Description of the task>
Restate word for word the lines of the records below, starting at the line that contains "sheego Weitschaftstiefel in" and ending at the line that contains "Mozilla Firefox 6 – Správce oprávnění﻿", with both of those lines included and nothing else.

Supplied material>
+++++

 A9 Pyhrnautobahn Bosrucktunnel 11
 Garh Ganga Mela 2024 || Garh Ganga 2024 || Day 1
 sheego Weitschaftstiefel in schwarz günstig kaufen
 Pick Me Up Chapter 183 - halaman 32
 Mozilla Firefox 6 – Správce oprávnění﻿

+++++

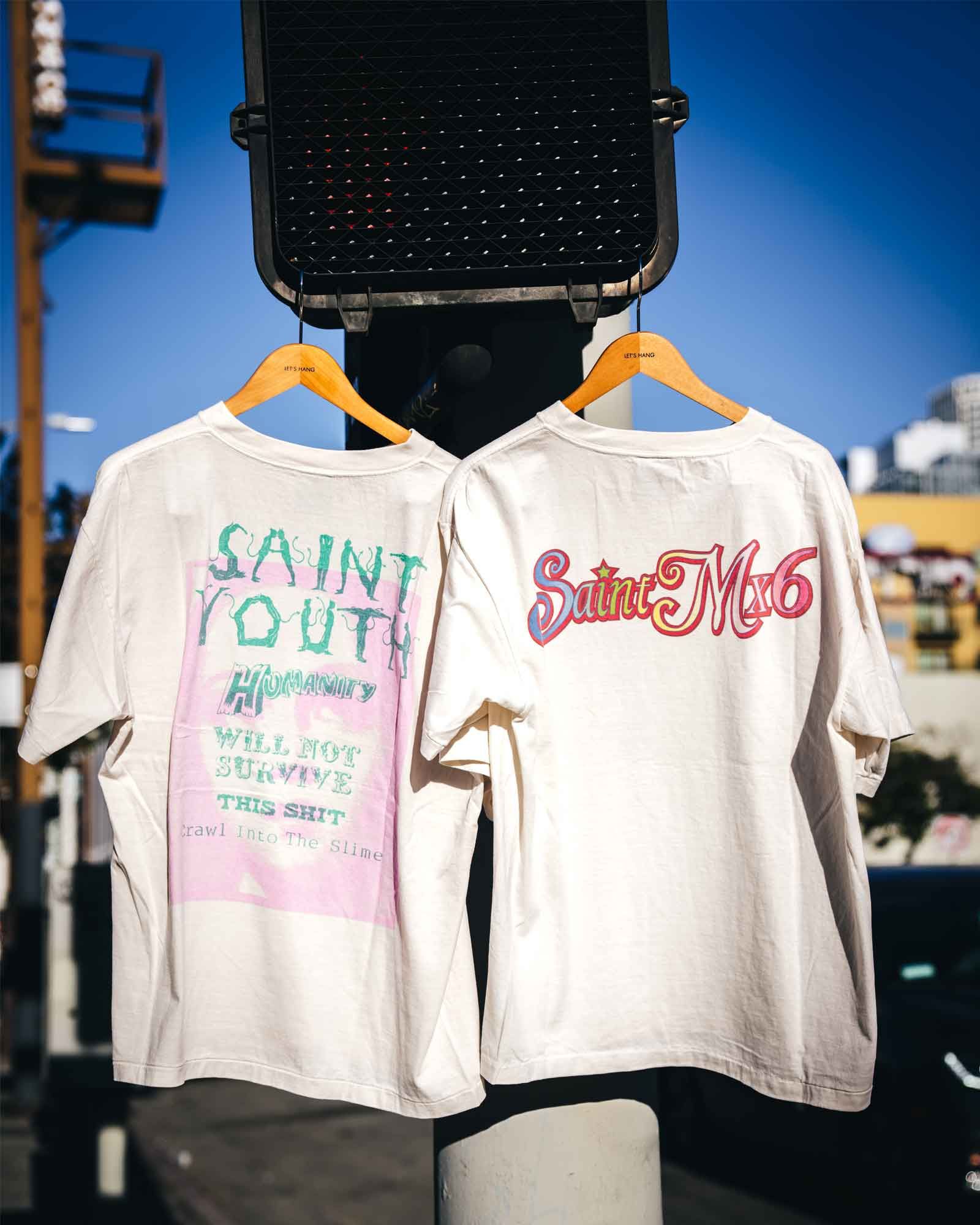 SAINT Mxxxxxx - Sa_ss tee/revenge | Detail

+++++

Reply to the exercise>
 sheego Weitschaftstiefel in schwarz günstig kaufen
 Pick Me Up Chapter 183 - halaman 32
 Mozilla Firefox 6 – Správce oprávnění﻿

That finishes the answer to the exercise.